= Task instructions =
Begin at the line containing "Girls panties set" in the records below, end at the line containing "[TOP] 50GB o2", and retype each line in that span exactly. No other line and no image should appear.

= Provided data =
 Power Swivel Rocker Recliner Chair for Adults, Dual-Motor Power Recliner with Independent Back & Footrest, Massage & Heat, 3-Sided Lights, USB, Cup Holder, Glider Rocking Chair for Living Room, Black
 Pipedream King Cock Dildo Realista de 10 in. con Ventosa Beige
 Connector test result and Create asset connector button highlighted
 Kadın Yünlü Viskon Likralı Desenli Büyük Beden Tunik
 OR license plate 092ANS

--

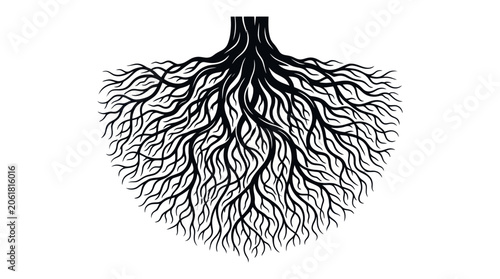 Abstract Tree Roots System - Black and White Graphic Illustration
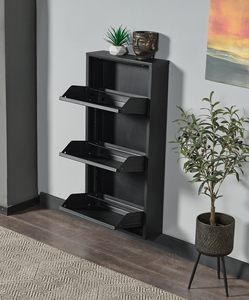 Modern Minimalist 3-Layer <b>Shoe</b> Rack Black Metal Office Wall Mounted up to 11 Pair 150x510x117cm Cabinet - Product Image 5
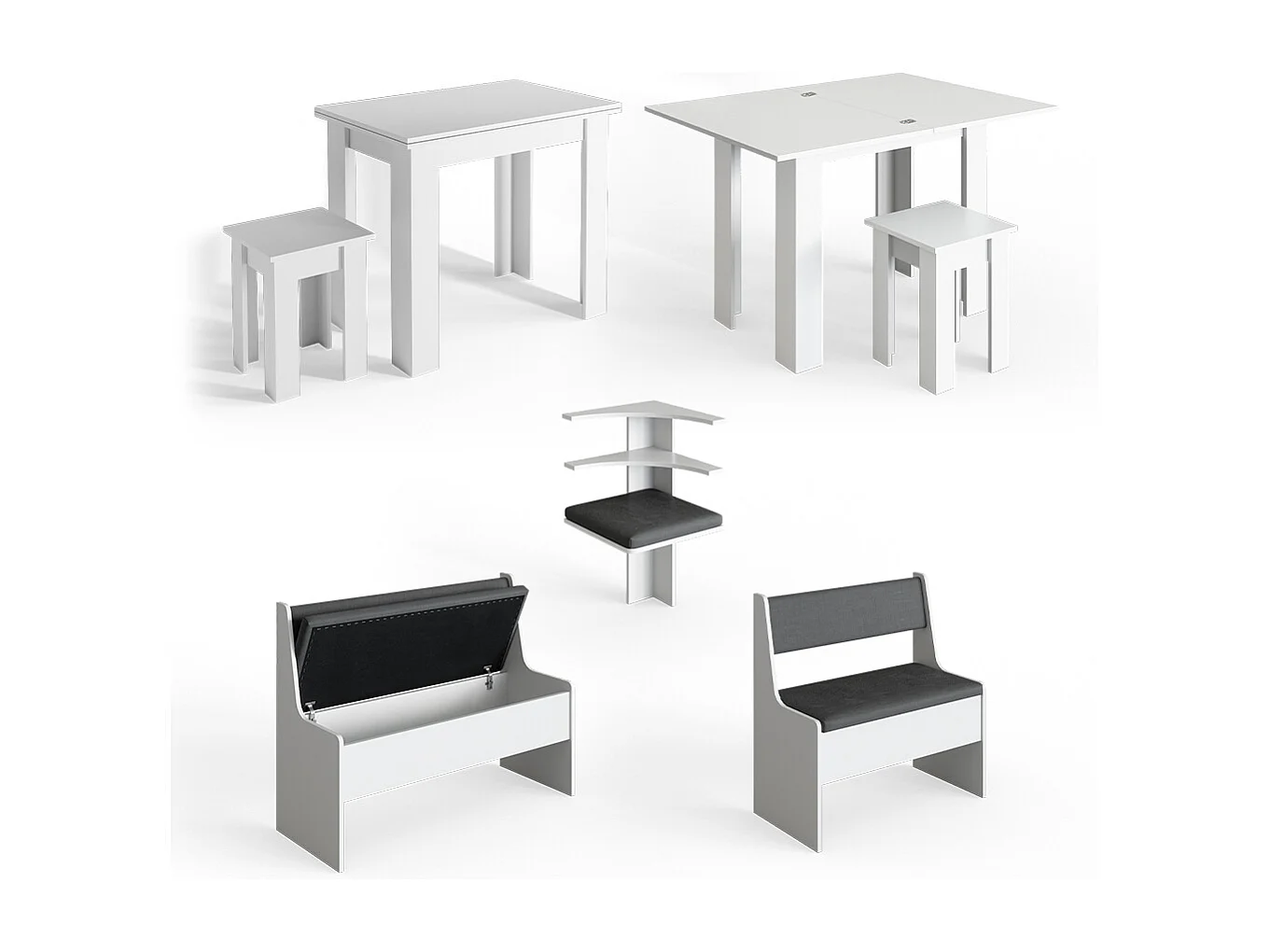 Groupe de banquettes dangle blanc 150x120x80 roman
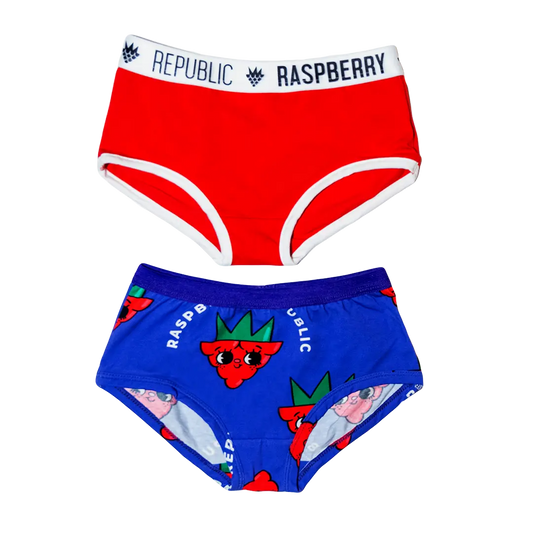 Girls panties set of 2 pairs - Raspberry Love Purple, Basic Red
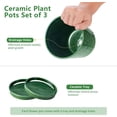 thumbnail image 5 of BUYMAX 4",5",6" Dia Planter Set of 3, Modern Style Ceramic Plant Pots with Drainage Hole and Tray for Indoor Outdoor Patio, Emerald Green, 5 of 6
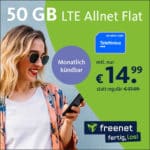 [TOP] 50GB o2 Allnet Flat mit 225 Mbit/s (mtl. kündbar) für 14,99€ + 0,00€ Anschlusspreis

...

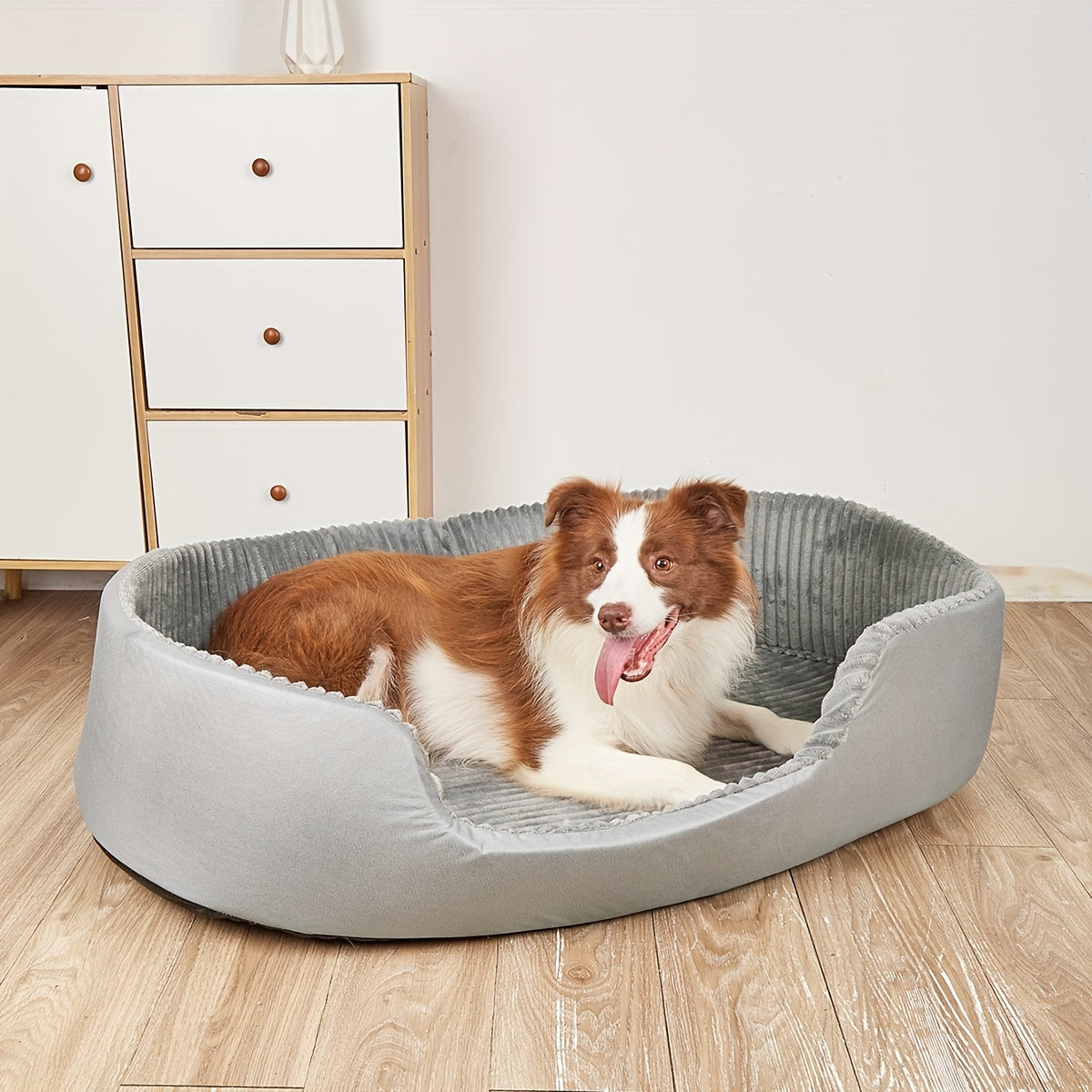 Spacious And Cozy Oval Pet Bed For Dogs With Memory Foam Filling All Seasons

= Solution for this task =
 Girls panties set of 2 pairs - Raspberry Love Purple, Basic Red
 thumbnail image 5 of BUYMAX 4",5",6" Dia Planter Set of 3, Modern Style Ceramic Plant Pots with Drainage Hole and Tray for Indoor Outdoor Patio, Emerald Green, 5 of 6
 [TOP] 50GB o2 Allnet Flat mit 225 Mbit/s (mtl. kündbar) für 14,99€ + 0,00€ Anschlusspreis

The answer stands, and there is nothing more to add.